Supongo que cada vez que Pablo Iglesias ve en televisión aquel vídeo en que, aprovechando la primera visita de Felipe VI al Parlamento Europeo, corría a su encuentro para ganar protagonismo y entregarle los DVD de la serie Juego de Tronos, lo menos que puede pensar es que en política se puede ser ingenuo pero no tonto. Iglesias explicó que con aquel regalo pretendía que el Rey dispusiera de alguna clave para entender la política en España. No sé en qué temporada de las ocho se debió quedar Felipe VI, ni tampoco con cuál de aquellos siete reinos se identifica, pero seis años después de aquel gesto con el que Iglesias pretendía romper algunos clichés sobre el joven izquierdista producto del 15-M, el líder de Podemos parece estar volviendo al que también se llamó el movimiento de los indignados. Con su partido dentro del gobierno de Pedro Sánchez, Iglesias ha pasado de situar en el disparadero primero al padre ―Juan Carlos I― y ahora al hijo, al que le ha reprochado que no haya condenado la violencia fascista con motivo de la campaña de Madrid.

Pues claro que va a callar Felipe VI, ya que por lo que parece el fascismo no divide a las familias españolas, ni es un peligro para la democracia, ni es un atentado a las libertades. Porque Vox es un partido constitucionalista español, cuando en otras latitudes, como en Alemania, simplemente no hubiera sido ni legalizado. ¿Qué Constitución tiene España que puede dar cabida a un partido como Vox y que persigue de todas las maneras a su alcance al independentismo catalán? No solo judicialmente, sino también política y económicamente. Iglesias vive en su propia carne algo que estaba cantado: para el deep state ir contra el independentismo catalán era una prueba con fuego real de hasta dónde se estaba dispuesto a llegar. Pero no era, ni mucho menos, la última estación.

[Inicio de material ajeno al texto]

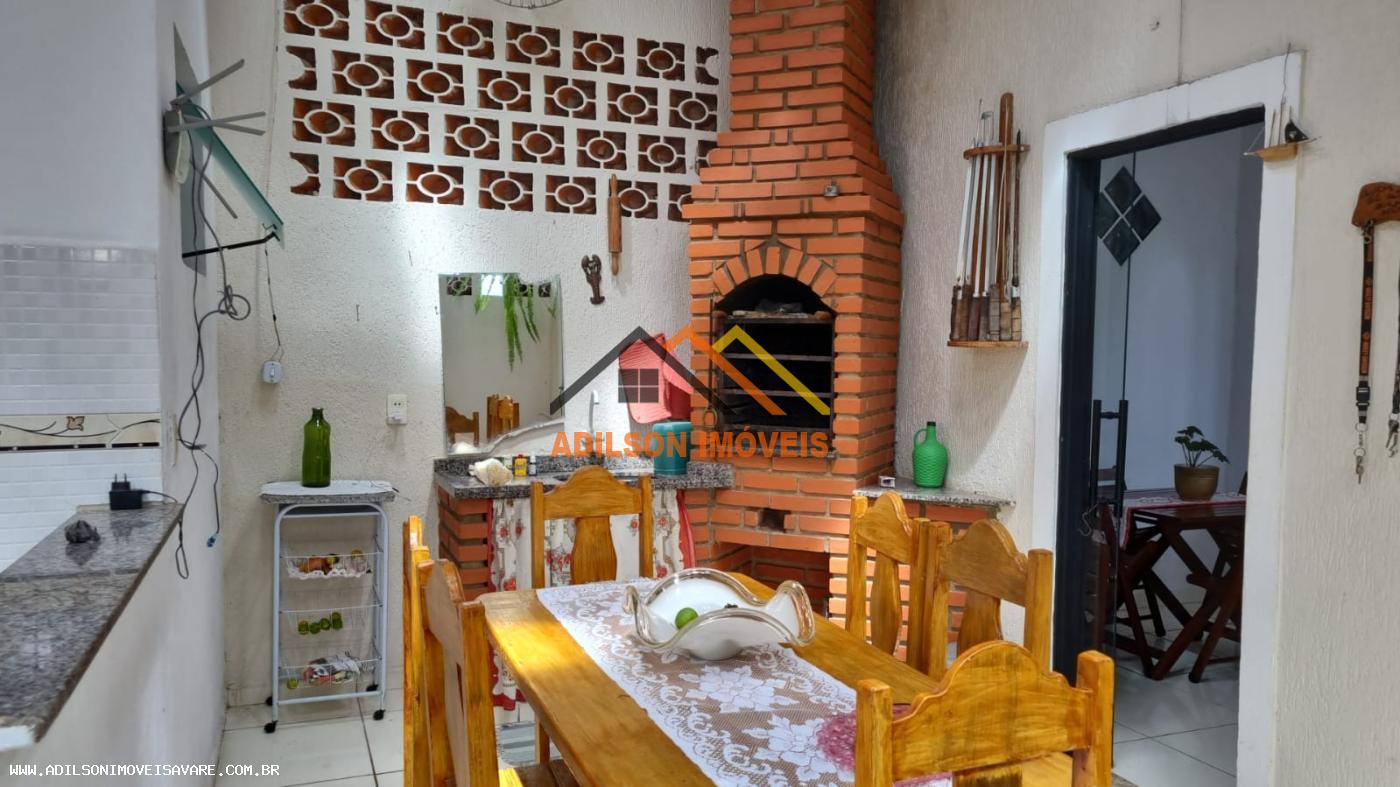 Casa, 2 quartos - Foto 10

El llamado constitucionalismo español, y de una manera muy especial la derecha española, se ha apoderado de conceptos como democracia y libertad, dejando fuera de su perímetro a aquellos que sí defienden la democracia y la libertad. Pablo Iglesias vive en carne propia los estragos de aquel paso al lado del poder político en octubre de 2017. En aquel momento, Mariano Rajoy aceptó que el presidente del Gobierno reinara y no gobernara y que Felipe VI reinara y gobernara. No que hiciera las leyes, sino algo más importante, que el poder político quedara desplazado por el poder judicial y la cohabitación pasara de ser entre el Palacio de la Zarzuela y el Palacio de la Moncloa a ser entre la Zarzuela y los titulares de los edificios ubicados en Marqués de la Ensenada ―la sede del Consejo General del Poder Judicial― y la plaza de la Villa ―donde está el Tribunal Supremo―.

Y España está en estos momentos así. Con un jefe del Estado que encuentra protección en la derecha extrema y con un PSOE atrincherado también en el régimen del 78, y únicamente obsesionado con cómo puede aguantar durante el máximo de tiempo posible el Gobierno.